DB::transaction(function () use ($variantId, $qty, $orderId) {
    $variant = ProductVariant::lockForUpdate()->findOrFail($variantId);

    if ($variant->available_qty < $qty) {
        throw new InsufficientStockException($variantId, $qty);
    }

    $variant->increment('reserved_qty', $qty);

    StockMovement::create([
        'variant_id' => $variantId,
        'delta'      => -$qty,
        'type'       => 'reserve',
        'reference'  => "order:{$orderId}",
    ]);
});

Releasing Stuck Reserves

Buyer abandoned cart — reserve should return. Two approaches:

1. TTL via queue. When reserve created, job dispatched with delay:

ReleaseStockReservation::dispatch($reservationId)
    ->delay(now()->addMinutes(30));

If order paid before expiration — job checks status and exits without action.

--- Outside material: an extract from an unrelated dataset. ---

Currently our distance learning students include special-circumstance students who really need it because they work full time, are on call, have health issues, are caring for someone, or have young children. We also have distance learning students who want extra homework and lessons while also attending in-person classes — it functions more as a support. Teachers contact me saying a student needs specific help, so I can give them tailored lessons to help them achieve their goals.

2. Scheduled cleanup. Cron every 5 minutes finds expired reservations:

// app/Console/Commands/ReleaseExpiredReservations.php
StockReservation::where('expires_at', '<', now())
    ->where('status', 'pending')
    ->each(fn($r) => $r->release());

First approach more precise, second simpler in infrastructure. For most stores with load up to 1000 orders/day — scheduled cleanup sufficient.

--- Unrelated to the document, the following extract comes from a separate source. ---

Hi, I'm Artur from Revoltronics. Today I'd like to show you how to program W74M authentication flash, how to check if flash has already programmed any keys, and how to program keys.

Import and Sync with 1C / Warehouse System

If client has accounting system (1C Commerce, Moysklad, Megaplan), stock comes from outside:

  • Webhook mode: warehouse calls /api/stock/update endpoint on change
  • Pull mode: store requests stock diff every N minutes

For pull-mode, last_sync_at stored and only changed requested:

GET /api/moysklad/stock?changedSince=2025-03-01T00:00:00Z

On import important not to overwrite reserved_qty — only stock_qty. Otherwise sync will drop active reserves.

Stock Display on Storefront

Three presentation variants:

Status Condition Display
In Stock available_qty > threshold "In stock", add to cart active
Running Out 0 < available_qty ≤ threshold "Only 3 left"
Out of Stock available_qty = 0 "Out of stock", button unavailable
Pre-Order out_of_stock_allowed = true "Pre-order, 5–7 days"

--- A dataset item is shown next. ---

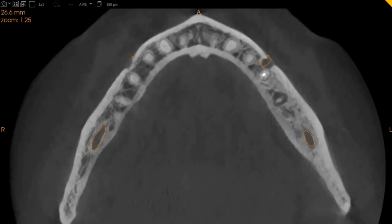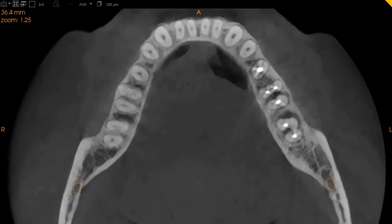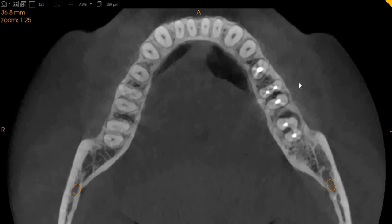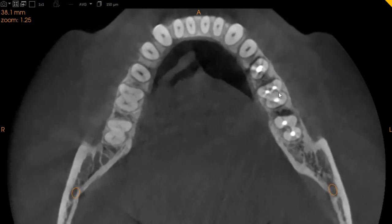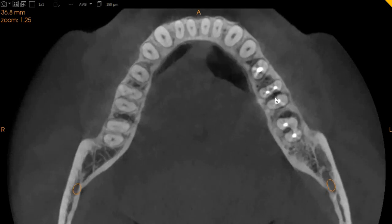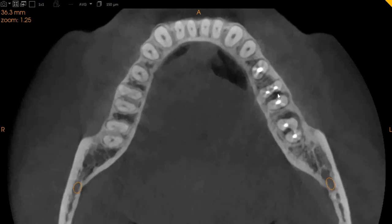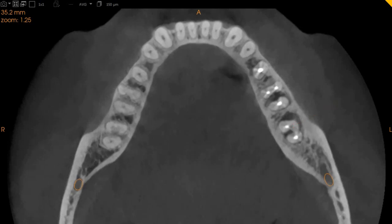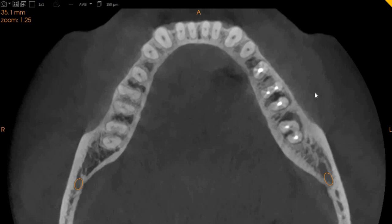The axial view, which is the top to bottom view, allows you to appreciate the furcation area where we believe there is a crack. You can also see it on the axial view — this is where the radiolucency in the furcation area begins. Here is that missed canal in the lower left 7. Very clearly, you can see this is a missed canal, and it is also associated with the infection in the bone.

For high-traffic pages, status cached in Redis with TTL 60 seconds. Precision ±1 minute — acceptable compromise for most stores.

Low Stock Alerts

Purchasing manager must know in advance. Alert triggered in observer:

class ProductVariantObserver
{
    public function updated(ProductVariant $variant): void
    {
        if ($variant->wasChanged('stock_qty') && $variant->isLowStock()) {
            LowStockAlert::dispatch($variant);
        }
    }
}

Alert goes to email, Telegram or Slack — depends on client infrastructure.

Implementation Timeline

  • Basic reservation + deduction + logging: 3–5 days
  • Integration with 1C or Moysklad via API: +3–5 days
  • Status caching via Redis + storefront display: +2 days
  • Admin panel stock with filters and export: +2–3 days

Typical project: 1–2 weeks depending on external accounting system presence.